I find it amazing that Shakespeare has kept the interpretation of the Isabella/Angelo scenes open. Angelo does love Isabella. I don't believe he lied. But the problem is that he never experienced real love, a love that includes both emotion and sexuality. It's natural to want to have sex with the person one loves. Angelo immediately labels his feelings as sinful which they aren't. In their last conversation, Angelo simply says, give me love. Does he only mean sex? He is so agitated by his emotions that I think he is completely confused the experience. It is Isabella, who colors his statement as lustful. Angelo then reacts out of anger and commits a terrible crime.

I still find it amusing that Isabella speaks about her and Angelo's "unborn son". The line is always performed as a throwaway when it should be given an extra punch. To me, it indicates that she has thought about an affair with Angelo up to the point of their having a child.
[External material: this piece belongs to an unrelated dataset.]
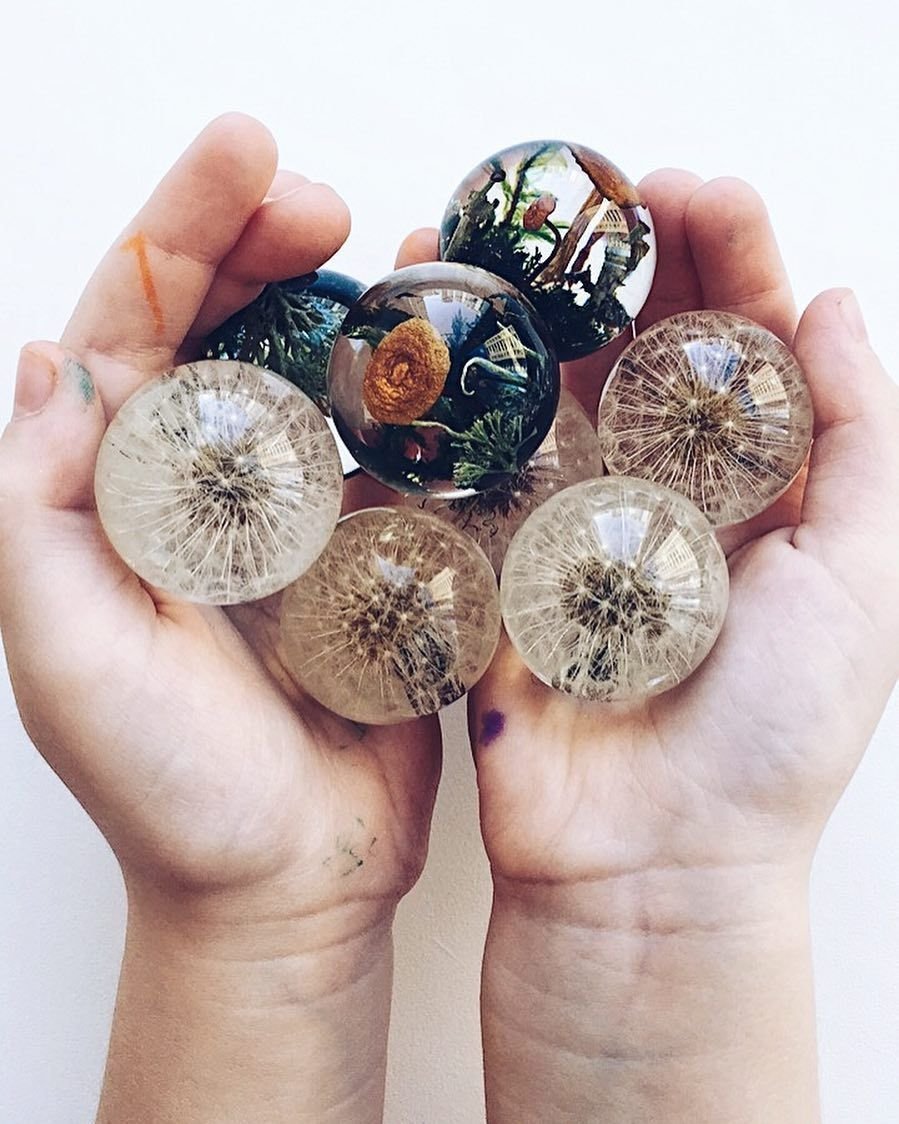 Шарики из эпоксидной смолы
She always finds a reason to speak about Angelo also, even if it is to complain about him. Ultimately she saves his life.

Mariana counted on this "love" to save her husband. It's kind of chilling in a way. The Duke also acts very swiftly to get Angelo in a very married state. There is something between Angelo and Isabella that is unexplainable. Their story doesn't end with the play. There is a sense that it goes on and may cause more problems for them in the future.
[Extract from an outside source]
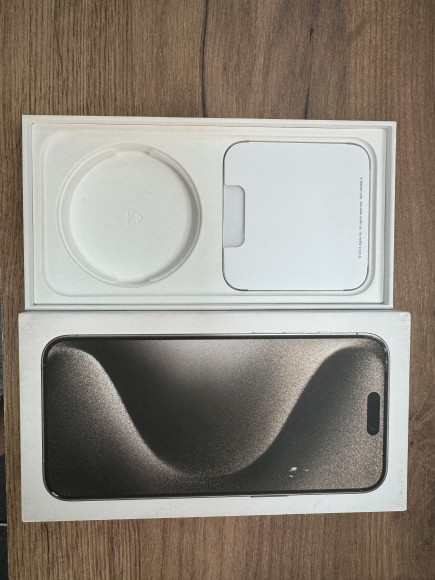 Apple iPhone 15 Pro Max 512Gb (354784329579867) Б/У (Натуральный Титан)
When I read the play, I see two characters who are perfect for one another. But not only is the situation against them but their personal interpretations of love, lust and virtue are as well.
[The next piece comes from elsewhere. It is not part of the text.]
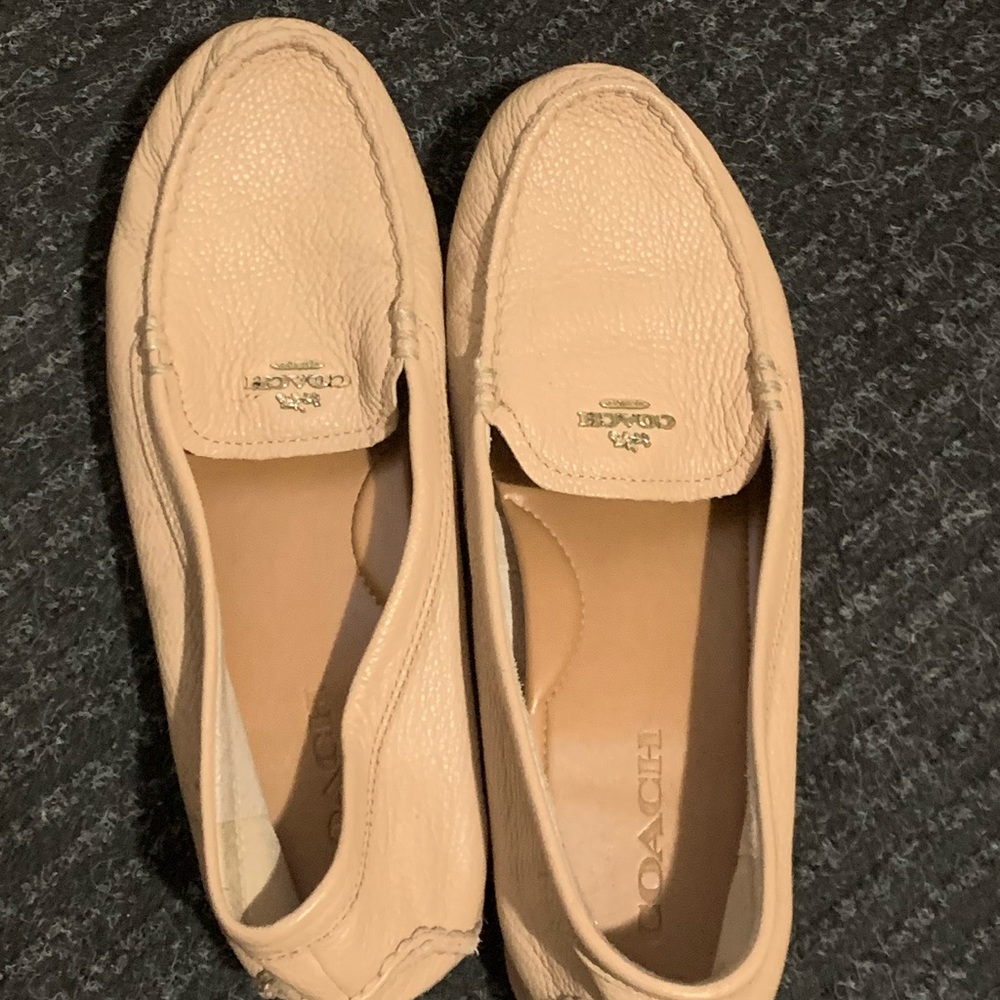 Coach flats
Date: 2006-01-14 06:02 pm (UTC)
From: [identity profile] ricardienne.livejournal.com
And, of course, Isolde's mother is also named Isolde. Clearly, all these Isoldes are really the same one. The Isolde who starts the love potion business (the mother) is also its victim and Tristan's lover (the daughter), and the one who lies in the end so that he'll die of grief (the wife).

I don't think Angelo can distinguish between love and lust. There is no room in his narrow worldview for love. It's either the natural and sinful (orignal sin) lust, or it's chastity, the unnatural but virtuous repression of natural feelings. He has defined everyone, including himself, in these terms: you either give in to your evil nature, or you suppress your nature. When he finds himself in a state that a normal person would call love, he can only see it as a loss of control over his own inherently evil nature. There's something really shallow about this morality. Not only is it based entirely on covering wickedness with a facade of good behavior, but it makes everything either good or bad. There is no gradation, no scale, no idea of a lesser or greater sin.

The line about the "unborn son" could have other meanings, as well. For one thing, it's indicative of Isabella's attitude (and really, fear of) sex that she immediately equates the sexual act with the worst-case scenario of pregnancy. It's also a parallel construction with the first part of that line: "I had rather my brother die by the law." And, of course she's speaking to the duke at this point. Is it Angelo with whom she's necessarily considering lawful procreation?

I see another implication as well in that line. Here, it isn't the fate of her immortal soul that Isabella is fearing for, but her reputation. The horrible fate that would await her if she gave in to Angelo is not spiritual but social: the shame of having a child out of wedlock. There's something superficial about her sense of what's right and wrong, as well.

Date: 2006-01-15 03:30 am (UTC)
From: [identity profile] achyvi.livejournal.com
That was the movie I was trying to remember the name of the one night. >.>;;;;

Date: 2006-01-15 04:39 am (UTC)
From: [identity profile] ricardienne.livejournal.com
It's stupid, but it is worth going to see for the music, and for the silliness.

Date: 2006-01-15 05:40 am (UTC)
From: [identity profile] achyvi.livejournal.com
I am always in favour of silliness. Perhaps I shall go and see it with someone else who will pay for me! Sneaky sneaky-like.